Huge node error not handled
Recently, when using my application, I encountered a very long validation of relatively small documents. If the document is validated with xmllint, the time is much less and the error "xmlSAX2Characters: huge text node" is displayed. As far as I could figure it out: Unicode control characters come in the document, which somehow force us to consider everything after them as a single node. I am using xmlSchemaValidateStream. There is a difference in how the text is processed in this function and in the reader from xmllint. The reader uses xmlSAX2Text in which the length of the node is checked and if it is too large, an error is thrown. In xmlSchemaValidateStream, xmlSchemaSAXHandleText is used, in which nothing of the kind happens, and xmlStrcat is constantly called, where we constantly re-allocate and copy memory, which is why the process is delayed. Unfortunately, the processing method from xmllint does not suit me. Because my application needs: -validation of the xml document according to the scheme -SAX parse -possibility to use custom handlers, for example, when finding an opening tag I haven't found a way to pass custom handlers to the reader.
Right now I'm using workaround.
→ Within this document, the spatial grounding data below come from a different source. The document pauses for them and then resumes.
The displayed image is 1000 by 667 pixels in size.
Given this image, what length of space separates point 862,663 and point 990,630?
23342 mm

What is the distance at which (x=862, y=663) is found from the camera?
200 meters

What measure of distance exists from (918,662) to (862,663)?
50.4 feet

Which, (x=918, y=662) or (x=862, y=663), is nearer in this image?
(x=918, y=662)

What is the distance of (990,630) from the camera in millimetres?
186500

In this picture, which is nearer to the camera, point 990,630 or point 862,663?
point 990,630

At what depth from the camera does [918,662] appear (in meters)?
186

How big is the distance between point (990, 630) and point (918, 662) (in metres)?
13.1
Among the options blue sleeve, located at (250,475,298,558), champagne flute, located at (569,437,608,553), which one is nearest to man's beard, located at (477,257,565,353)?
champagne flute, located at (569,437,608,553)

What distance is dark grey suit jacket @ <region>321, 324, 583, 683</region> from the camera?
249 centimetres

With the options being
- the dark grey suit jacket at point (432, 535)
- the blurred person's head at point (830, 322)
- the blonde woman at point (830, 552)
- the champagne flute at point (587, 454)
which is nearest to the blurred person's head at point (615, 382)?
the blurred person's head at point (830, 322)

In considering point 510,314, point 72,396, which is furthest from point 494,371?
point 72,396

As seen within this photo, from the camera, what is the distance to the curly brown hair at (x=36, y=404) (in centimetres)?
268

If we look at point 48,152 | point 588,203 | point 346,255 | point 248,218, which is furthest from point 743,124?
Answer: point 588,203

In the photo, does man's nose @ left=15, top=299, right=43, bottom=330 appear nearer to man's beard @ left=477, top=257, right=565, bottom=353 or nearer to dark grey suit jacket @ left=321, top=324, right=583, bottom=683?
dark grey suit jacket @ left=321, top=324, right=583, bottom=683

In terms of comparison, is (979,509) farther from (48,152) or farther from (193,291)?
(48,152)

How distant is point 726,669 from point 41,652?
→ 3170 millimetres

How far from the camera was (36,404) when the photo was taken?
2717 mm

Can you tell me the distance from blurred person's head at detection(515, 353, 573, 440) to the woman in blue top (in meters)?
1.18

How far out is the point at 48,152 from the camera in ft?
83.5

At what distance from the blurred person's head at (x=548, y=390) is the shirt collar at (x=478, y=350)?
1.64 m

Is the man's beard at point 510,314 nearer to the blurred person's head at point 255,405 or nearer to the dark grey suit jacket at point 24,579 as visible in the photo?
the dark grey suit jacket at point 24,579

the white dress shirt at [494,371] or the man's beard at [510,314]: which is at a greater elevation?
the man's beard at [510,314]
When calling custom characters handler, I access the "private" fields in xmlSchemaValidCtxt and xmlSchemaNodeInfo where I access the contents of the current node(inode) and check its xmlStrlen, and if the length is greater than a certain value, I brake the parser.
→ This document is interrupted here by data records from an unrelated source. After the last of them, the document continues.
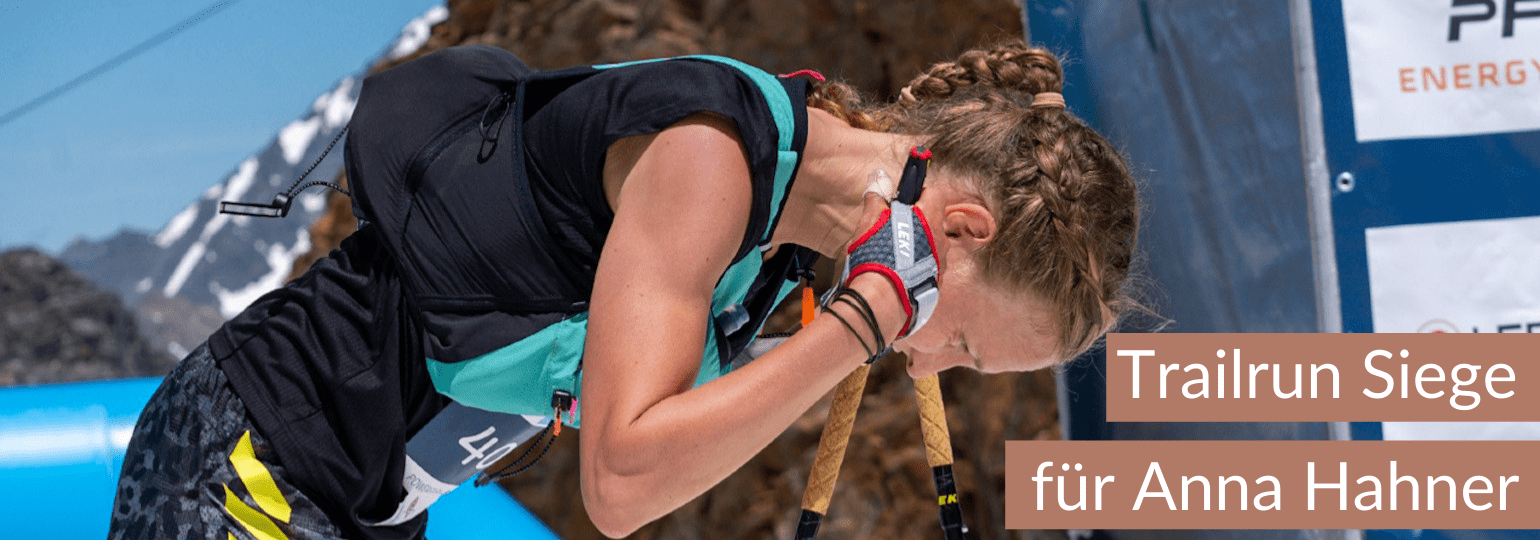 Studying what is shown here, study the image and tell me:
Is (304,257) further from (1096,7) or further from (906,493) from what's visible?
(1096,7)

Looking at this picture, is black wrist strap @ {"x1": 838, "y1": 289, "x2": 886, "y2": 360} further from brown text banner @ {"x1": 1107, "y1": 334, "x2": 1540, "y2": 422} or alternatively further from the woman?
brown text banner @ {"x1": 1107, "y1": 334, "x2": 1540, "y2": 422}

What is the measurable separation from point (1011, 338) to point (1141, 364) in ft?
2.65

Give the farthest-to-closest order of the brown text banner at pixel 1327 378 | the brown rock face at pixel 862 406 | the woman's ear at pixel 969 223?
the brown rock face at pixel 862 406 → the brown text banner at pixel 1327 378 → the woman's ear at pixel 969 223

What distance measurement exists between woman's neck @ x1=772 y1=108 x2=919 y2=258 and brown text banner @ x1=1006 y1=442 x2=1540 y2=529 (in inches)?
34.3

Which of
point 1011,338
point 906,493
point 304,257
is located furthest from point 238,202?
point 304,257

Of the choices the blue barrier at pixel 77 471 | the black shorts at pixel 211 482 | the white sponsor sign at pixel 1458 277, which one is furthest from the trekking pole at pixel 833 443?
the white sponsor sign at pixel 1458 277

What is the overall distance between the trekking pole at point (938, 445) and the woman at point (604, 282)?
173mm

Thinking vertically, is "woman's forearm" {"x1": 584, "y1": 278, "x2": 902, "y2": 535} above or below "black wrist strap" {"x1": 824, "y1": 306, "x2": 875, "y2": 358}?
below

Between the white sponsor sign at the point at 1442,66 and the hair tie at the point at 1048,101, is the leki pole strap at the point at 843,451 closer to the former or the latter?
the hair tie at the point at 1048,101

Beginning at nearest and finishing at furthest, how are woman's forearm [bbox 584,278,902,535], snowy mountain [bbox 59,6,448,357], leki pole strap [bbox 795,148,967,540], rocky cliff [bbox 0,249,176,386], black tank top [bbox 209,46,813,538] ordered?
1. woman's forearm [bbox 584,278,902,535]
2. black tank top [bbox 209,46,813,538]
3. leki pole strap [bbox 795,148,967,540]
4. snowy mountain [bbox 59,6,448,357]
5. rocky cliff [bbox 0,249,176,386]

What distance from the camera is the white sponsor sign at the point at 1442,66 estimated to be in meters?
1.90

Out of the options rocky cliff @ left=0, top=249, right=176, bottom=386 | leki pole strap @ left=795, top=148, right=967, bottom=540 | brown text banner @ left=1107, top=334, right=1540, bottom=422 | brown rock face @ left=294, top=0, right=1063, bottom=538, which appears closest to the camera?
leki pole strap @ left=795, top=148, right=967, bottom=540

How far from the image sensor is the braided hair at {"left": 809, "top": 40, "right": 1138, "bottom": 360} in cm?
110

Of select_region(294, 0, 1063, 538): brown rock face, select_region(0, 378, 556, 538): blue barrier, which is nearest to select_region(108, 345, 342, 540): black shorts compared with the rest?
select_region(0, 378, 556, 538): blue barrier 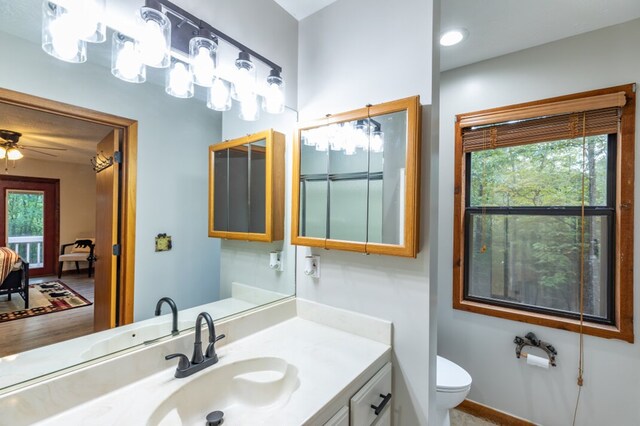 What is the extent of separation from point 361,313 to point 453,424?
1.43 meters

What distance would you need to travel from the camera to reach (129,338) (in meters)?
1.03

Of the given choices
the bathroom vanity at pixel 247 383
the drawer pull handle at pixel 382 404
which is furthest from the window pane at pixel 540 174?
the drawer pull handle at pixel 382 404

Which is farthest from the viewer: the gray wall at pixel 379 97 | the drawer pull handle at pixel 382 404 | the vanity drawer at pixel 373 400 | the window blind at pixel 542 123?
the window blind at pixel 542 123

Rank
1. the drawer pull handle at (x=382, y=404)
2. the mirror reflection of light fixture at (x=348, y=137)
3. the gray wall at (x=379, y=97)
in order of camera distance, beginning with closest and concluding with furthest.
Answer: the drawer pull handle at (x=382, y=404) < the gray wall at (x=379, y=97) < the mirror reflection of light fixture at (x=348, y=137)

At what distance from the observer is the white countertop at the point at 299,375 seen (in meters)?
0.79

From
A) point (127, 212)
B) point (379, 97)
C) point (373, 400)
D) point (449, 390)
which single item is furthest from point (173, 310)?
point (449, 390)

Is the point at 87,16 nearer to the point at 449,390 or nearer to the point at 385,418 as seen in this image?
the point at 385,418

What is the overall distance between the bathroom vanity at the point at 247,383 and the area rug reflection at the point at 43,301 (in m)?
0.22

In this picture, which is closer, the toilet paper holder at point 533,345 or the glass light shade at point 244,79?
the glass light shade at point 244,79

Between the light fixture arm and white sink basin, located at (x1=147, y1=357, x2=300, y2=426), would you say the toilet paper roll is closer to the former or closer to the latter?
white sink basin, located at (x1=147, y1=357, x2=300, y2=426)

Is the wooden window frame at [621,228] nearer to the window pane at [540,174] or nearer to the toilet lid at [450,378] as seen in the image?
the window pane at [540,174]

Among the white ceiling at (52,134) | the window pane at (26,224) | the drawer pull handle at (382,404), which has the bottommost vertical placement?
the drawer pull handle at (382,404)

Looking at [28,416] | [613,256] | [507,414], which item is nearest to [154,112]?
[28,416]

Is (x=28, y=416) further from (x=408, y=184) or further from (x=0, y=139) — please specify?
(x=408, y=184) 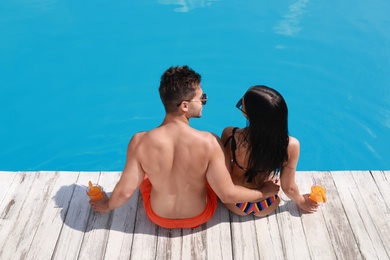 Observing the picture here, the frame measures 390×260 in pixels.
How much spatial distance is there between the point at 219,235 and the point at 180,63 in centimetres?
349

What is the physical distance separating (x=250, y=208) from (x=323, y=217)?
22.5 inches

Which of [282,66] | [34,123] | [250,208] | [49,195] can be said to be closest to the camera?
[250,208]

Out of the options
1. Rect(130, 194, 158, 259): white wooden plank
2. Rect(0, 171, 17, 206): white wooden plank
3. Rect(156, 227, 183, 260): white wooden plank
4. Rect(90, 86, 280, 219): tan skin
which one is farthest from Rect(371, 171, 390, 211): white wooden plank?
Rect(0, 171, 17, 206): white wooden plank

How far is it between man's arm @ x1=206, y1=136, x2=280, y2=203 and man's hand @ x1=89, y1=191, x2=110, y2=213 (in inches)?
34.8

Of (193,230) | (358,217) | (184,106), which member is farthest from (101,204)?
(358,217)

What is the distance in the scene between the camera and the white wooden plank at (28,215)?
3.08 meters

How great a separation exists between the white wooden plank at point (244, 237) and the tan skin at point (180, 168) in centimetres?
31

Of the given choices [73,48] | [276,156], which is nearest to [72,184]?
[276,156]

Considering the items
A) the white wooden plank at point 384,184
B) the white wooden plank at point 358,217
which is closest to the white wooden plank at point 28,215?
the white wooden plank at point 358,217

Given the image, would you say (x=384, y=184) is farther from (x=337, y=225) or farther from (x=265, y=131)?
(x=265, y=131)

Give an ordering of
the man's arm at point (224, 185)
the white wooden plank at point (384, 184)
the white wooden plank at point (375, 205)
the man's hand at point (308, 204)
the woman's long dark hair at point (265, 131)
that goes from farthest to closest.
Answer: the white wooden plank at point (384, 184)
the man's hand at point (308, 204)
the white wooden plank at point (375, 205)
the man's arm at point (224, 185)
the woman's long dark hair at point (265, 131)

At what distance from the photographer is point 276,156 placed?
2.83 metres

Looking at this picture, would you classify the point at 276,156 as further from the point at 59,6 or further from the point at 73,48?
the point at 59,6

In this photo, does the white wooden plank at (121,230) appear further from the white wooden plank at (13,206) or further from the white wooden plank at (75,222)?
the white wooden plank at (13,206)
Obviously this is a bad decision. I hope you can give better advice. It is quite possible you could tell me how to protect it from control characters. Or tell me how to throw custom handlers into the reader. Or add handling for a similar situation when using xmlSchemaValidateStream. Or something else.
By the way, to stop the parser and exit it with an error, I use a similar code: static void errParserStop(xmlSchemaValidCtxtPtr ctx, int errCode) { xmlParserCtxtPtr pctx = xmlSchemaValidCtxtGetParserCtxt(ctx); pctx->errNo = errCode; pctx->instate = -1; pctx->disableSAX = 1; } It is quite possible that you can also suggest a better way.